1 four-rib standing rib roast, 6-8 pounds
4 cloves garlic, peeled and sliced lengthwise
2 teaspoons chopped fresh rosemary
2 teaspoons chopped fresh thyme
2 teaspoons chopped fresh flat-leaf parsley
1 teaspoon chopped lavender
1 tablespoon coarse sea salt
1 tablespoon freshly ground black pepper
1/4 cup olive oil
3/4 cup sour cream
3/4 cup mayonnaise
1/4 cup prepared horseradish
1. Pat dry the rib roast. Place in roasting pan, bone side down, fatty side up. With tip of sharp knife, make slits in the fat and press garlic slivers into slits.
2. In a small bowl, combine all herbs, salt, pepper, and olive oil. Cover meat with herb mixture, cover with saran wrap and refrigerate up to overnight.
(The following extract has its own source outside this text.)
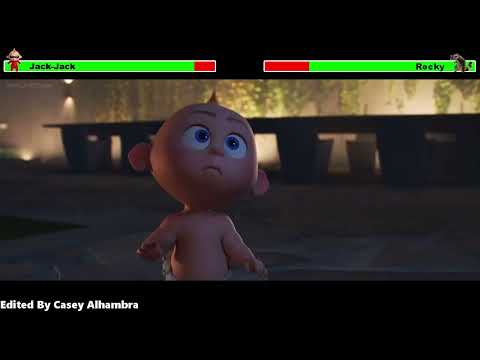 Jack-Jack vs. Raccoon with healthbars (50K Subscribers Special)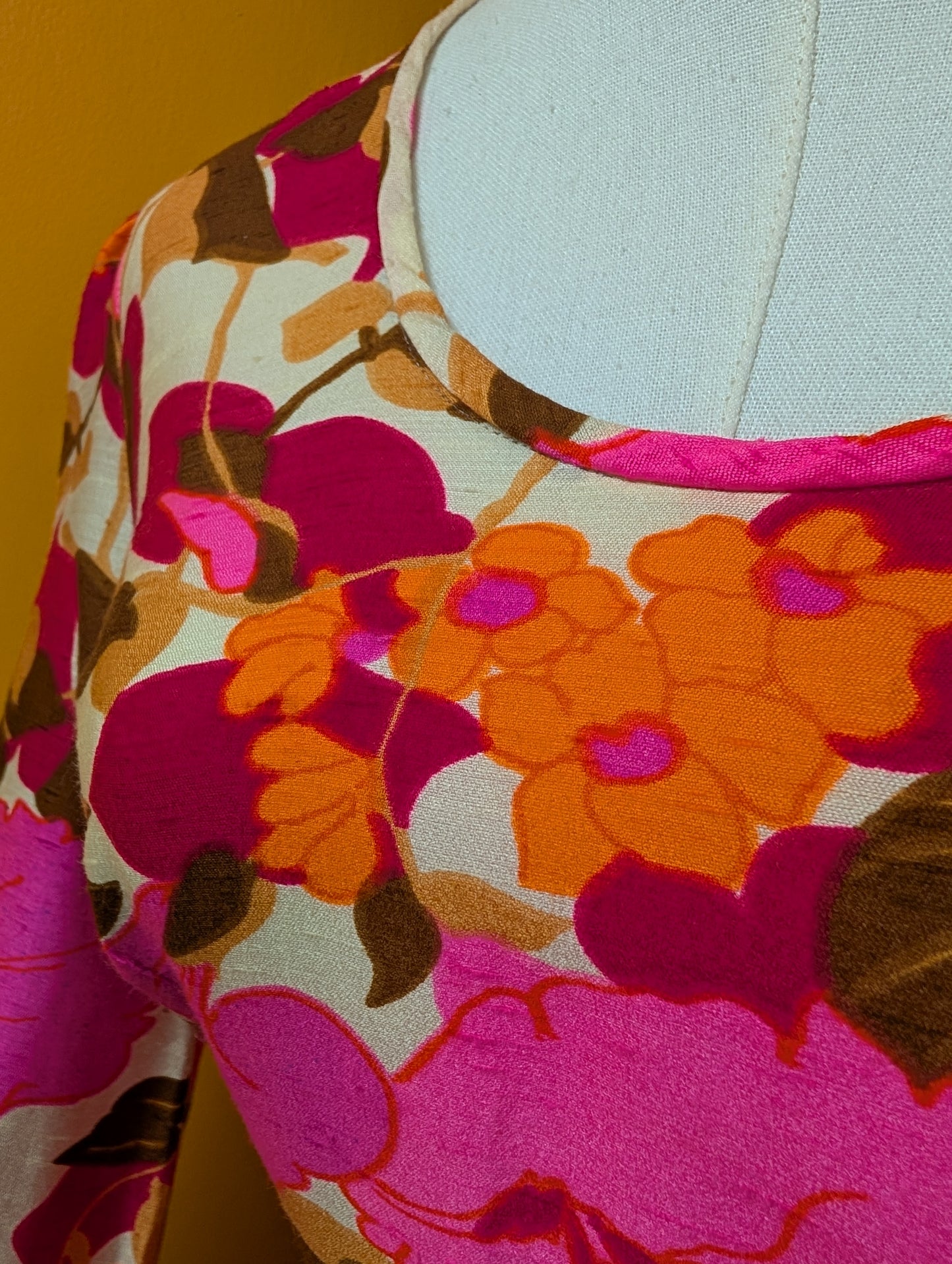 60s/70s psychedelic maxi dress - M/12/14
3. In a small bowl, combine sour cream, mayonnaise, and horseradish. Mix well to blend. Cover and refrigerate overnight.
4. Remove roast from refrigerator and bring to room temperature, about an hour. Preheat oven to 350º. Place in oven and roast about 2 1/2 hours, until meat thermometer reads 125º.
5. Remove from oven, tent with foil, and rest for 25-30 minutes before slicing. Serve with horseradish sauce.